These days, I’m really thankful for Shazam. There are few things more frustrating than hearing an amazing song, and having no clue what it’s called, who it’s by, or how to ever hear it again. There were so many mystery songs where I’d listen intensely for any lyric that even remotely resembled a song title. Failing that, I’d invest all hope in the possibility that the radio DJ would mention the name of the song after it finished playing (this method dashed more hopes than betting on the Leafs).
The worst offenders were the songs that had the audacity to not even mention their titles in the lyrics. If it weren’t for Guitar Hero, I’d probably still only know Possum Kingdom as that song they play on Rock 101, which may or may not be about vampires. The purchase of my first dance album started out as one of these epic searches.
In the winter of ’99, I was on an ice fishing trip with my dad, step-mom, and sisters. I’m sure there was an intention of getting me interested in the manly pursuit of braving the elements, and yanking food out of the freezing water, but it just didn’t take.
I can’t really say that I’d recommend ice fishing. It’s kind of like regular fishing, but with all the fun removed.
Like casting a line out into the distance, using one glorious, sweeping motion?
You get to drop a line in a hole.
Like relaxing in the sun, while you dangle your feet off the end of a dock and wait for a bite?
You get to sit out on the ice, where there aren’t any of those pesky trees to block the -40° winds, and wait for frostbite.
On the upside, I had a good time during the other parts of the trip. We were staying with a friend of my dad’s, and their kids were pretty well decked out with video games. Most of the time there was spent struggling to make it through Donkey Kong Country mine cart levels, but I did end up taking a trip upstairs to play some N64 with the older kids.
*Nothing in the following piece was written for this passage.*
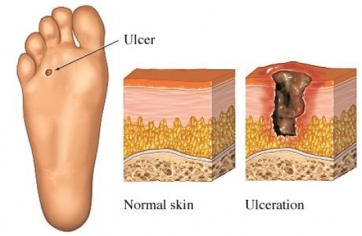 Clinical Diabetes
The upstairs room was smoky, dimly lit, and the wallpaper was a D.I.Y job made out of Sports Illustrated swimsuit models. I couldn’t have been more out of my element. I did have one thing going for me though. They were playing GoldenEye, and I was pretty decent at GoldenEye. During a run through the Library level, a song came on the stereo that really caught my attention. It sounded both old, and futuristic at the same time. Surf-rock guitars mixing with techno beats, and a repeating lyric about a “Funk Soul Brother”.
I spent months keeping an ear out for that song. Nobody knew who it was by, or what it was even called. It was almost approaching urban legend status, and it wouldn’t be until my grade 8 class trip to Toronto, that I’d finally catch a break in the case.
Since my school jumped on the Toronto trip bandwagon a bit late, my class ended up getting split in half, and lumped in with two other schools. I’d never taken part in any intramural sports, so this was my first real interaction with kids from a different elementary school. When you spend 8 years with the exact same group of people, it’s a bit unnerving to get tossed into a completely different group that had known each other for just as long, so I was a bit nervous.
I got over my inherent shyness as soon as I heard the guy in front of me on the bus singing along to “Funk Soul Brother” on his Discman. I jumped up and asked, “Hey kid! What’s that song?” I think he was a bit caught off guard by my abruptness, but he let me know it was Fatboy Slim.
I made sure to track down Fatboy Slim at the next music store we visited on the trip. Apparently Fatboy Slim was the name of the artist, and “Rockafeller Skank” was the name of the song that I’d been searching for. Never would’ve guessed either of those facts in a million years.
The album itself ended up being pretty solid, but for me it represented an achievement more than anything else. I’d finally tracked down this musical beast against all odds, and could listen to it whenever I pleased.